According to consensus financial forecasts obtained from S&P Capital IQ, the market currently expects Amazon’s EBIT to grow by +104% to $24.7 billion and expand its EBIT margin by +100 basis points to 4.3% in FY 2023. Notably, AMZN’s consensus numbers for 2023 are still below the company’s actual FY 2021 EBIT of $24.9 billion and EBIT margin of 5.3%.

As I mentioned in the preceding section, I am of the opinion that AMZN is well-positioned to generate higher-than-expected operating income in the following year. My FY 2023 operating profit and operating income margin estimates for Amazon are $27 billion and 4.7%, respectively.

The other catalyst is the return of share repurchases for AMZN.

As revealed in its Q3 2022 10-Q filing, Amazon spent roughly $6.0 billion on share buybacks in the first six months of the current year, but it didn’t repurchase any shares in the third quarter. As of September 30, 2022, AMZN still has around $6.1 billion left from its current share repurchase authorization.

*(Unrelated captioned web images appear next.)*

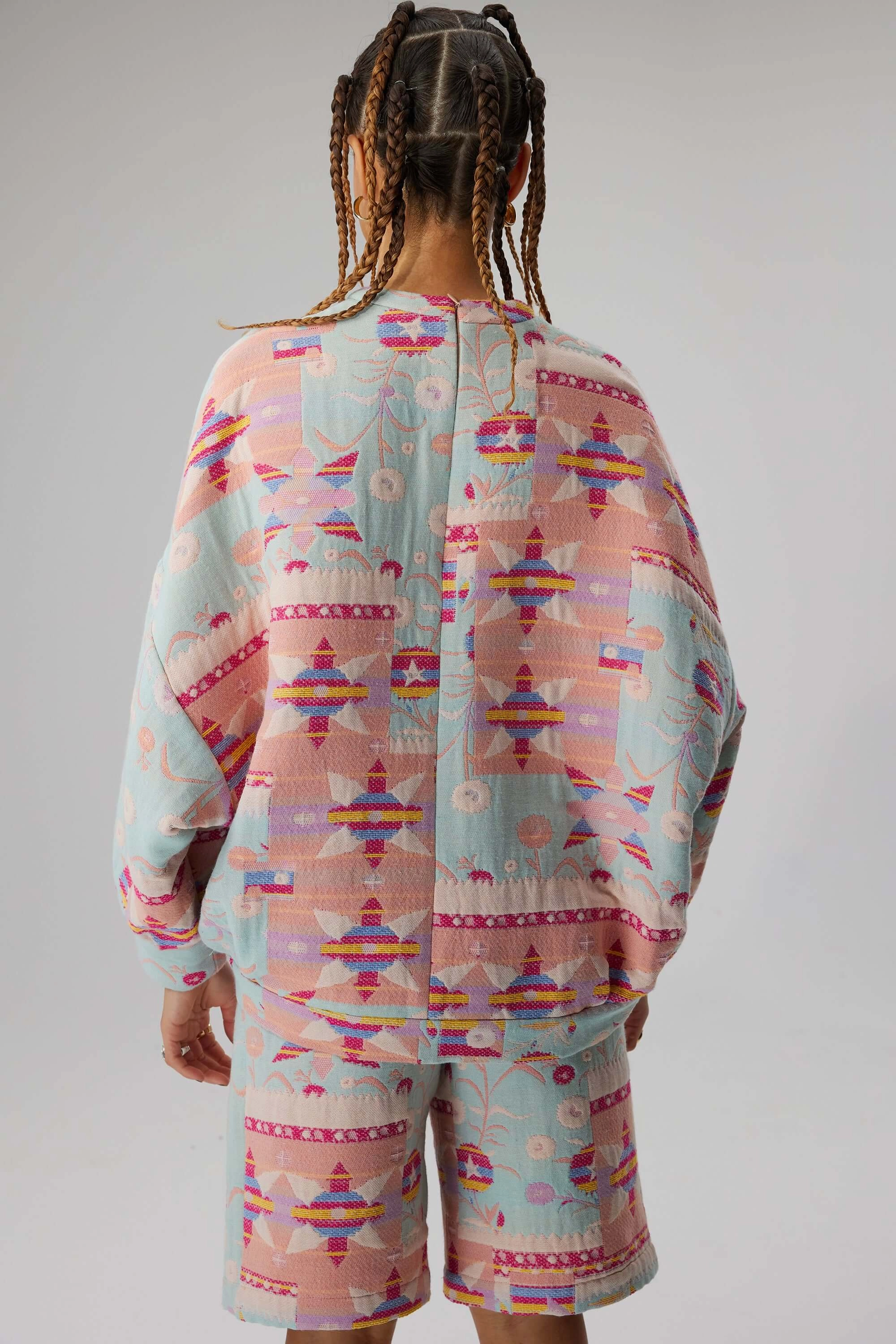 Harlem jumper in Pampelonne weave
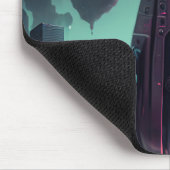 Futuristische Grote Deen De Robotische Vennootscha Muismat (Hoek)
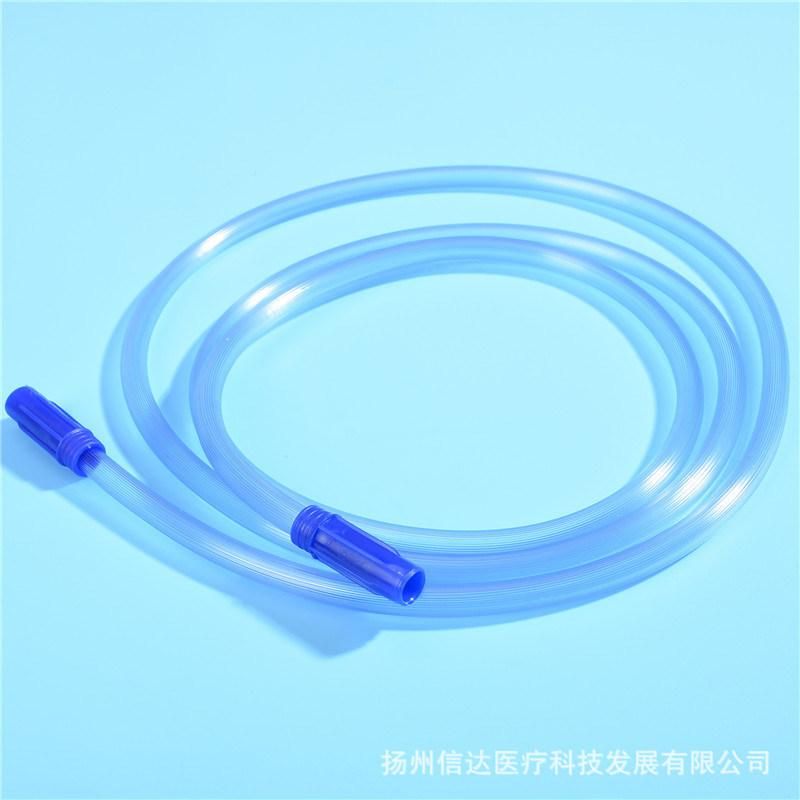 Medical Disposable Suction Connection Tube Suction Tube with Connector Negative Pressure Drainage Tube Connection Catheter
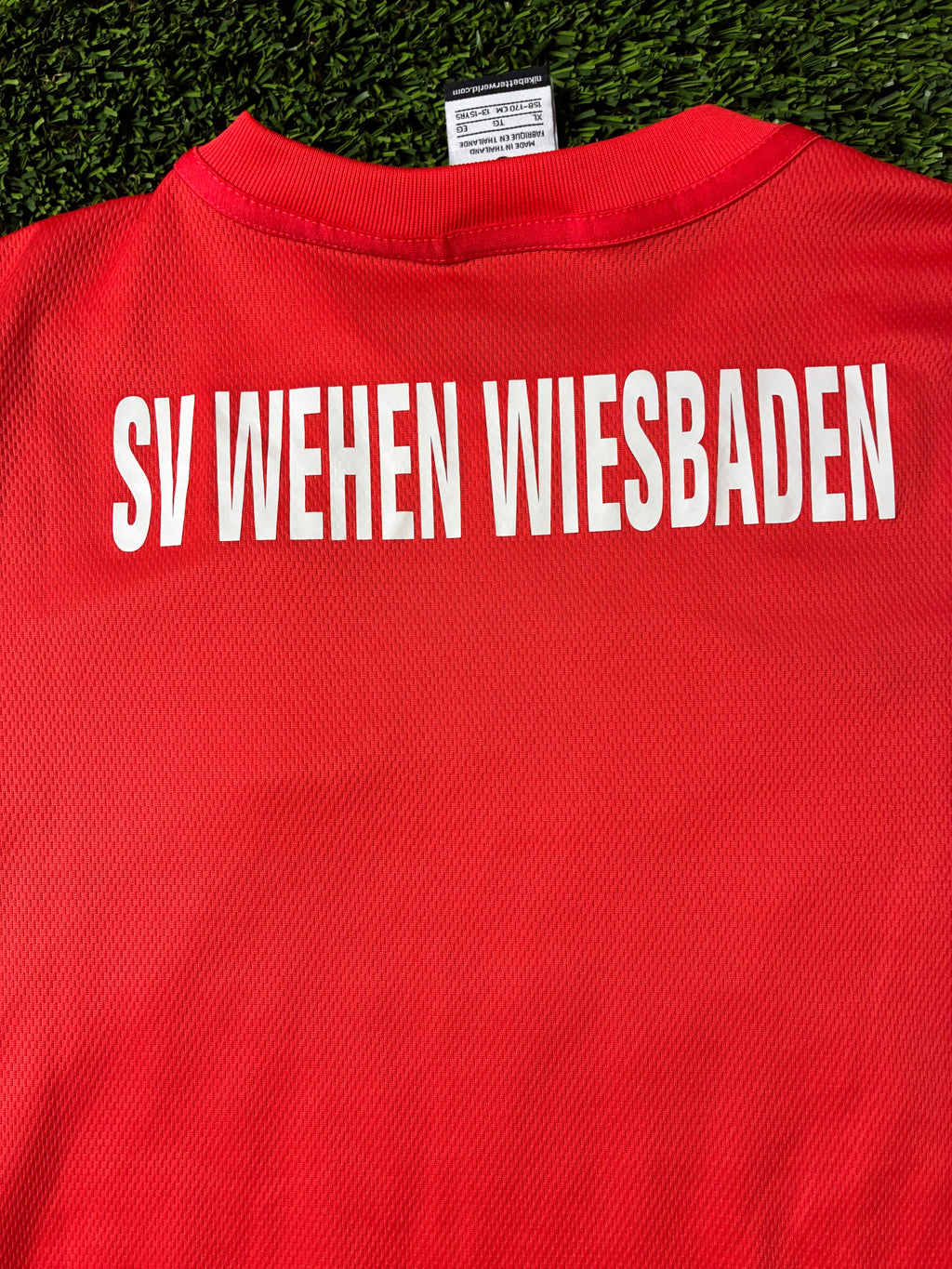 Nike SV Wehen Wiesbaden 15/16 Home Size Youth XL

Following the recent share price correction, Amazon trades at a consensus forward next twelve months’ EV/EBITDA multiple of 14.7 times as per S&P Capital IQ valuation data. As a comparison, AMZN’s 10-year trough EV/EBITDA multiple is just slightly lower at 14.3 times, while its 10-year mean EV/EBITDA ratio is much higher at 22.2 times. Therefore, it is reasonable to predict that Amazon is likely to accelerate its pace of share repurchases in Q4 2022 and into 2023, as long as AMZN’s valuations remain sufficiently attractive for buybacks to take place.

If Amazon does execute on share repurchases in the fourth quarter of 2022, this will be revealed as part of AMZN’s FY 2022 results and 10-K filing that are expected to be released in February 2023. This will serve as a catalyst for Amazon, as share buybacks will send a strong signal to the market indicating that AMZN’s shares are undervalued.

What Is The Long-Term Prediction For Amazon?

There is still room for Amazon to continue growing in the long run, notwithstanding its size in absolute terms and market leadership in the e-commerce space.

AMZN’s revenue is expected to grow by a CAGR of +12.6% for the FY 2023-2026 period according to S&P Capital IQ. I hold the view that Amazon should be able to meet or even exceed the market consensus’ long-term growth expectations.

One key thing to note that e-commerce penetration isn’t that high. Based on a June 2022 research report issued by Morgan Stanley, the current penetration rate of e-commerce on a worldwide basis is just 22%, and there is the potential for the e-commerce penetration to rise further to 27% in the next four years. As such, I have a reasonably positive view of AMZN’s growth prospects for the long run.

Is AMZN Stock A Buy, Sell, or Hold?

AMZN stock stays as a Buy-rated stock for me. Amazon’s shares are inexpensive based on the forward EV/EBITDA valuation metric, and I think that there are re-rating catalysts in place for AMZN like higher-than-expected operating profit and the resumption of share repurchases.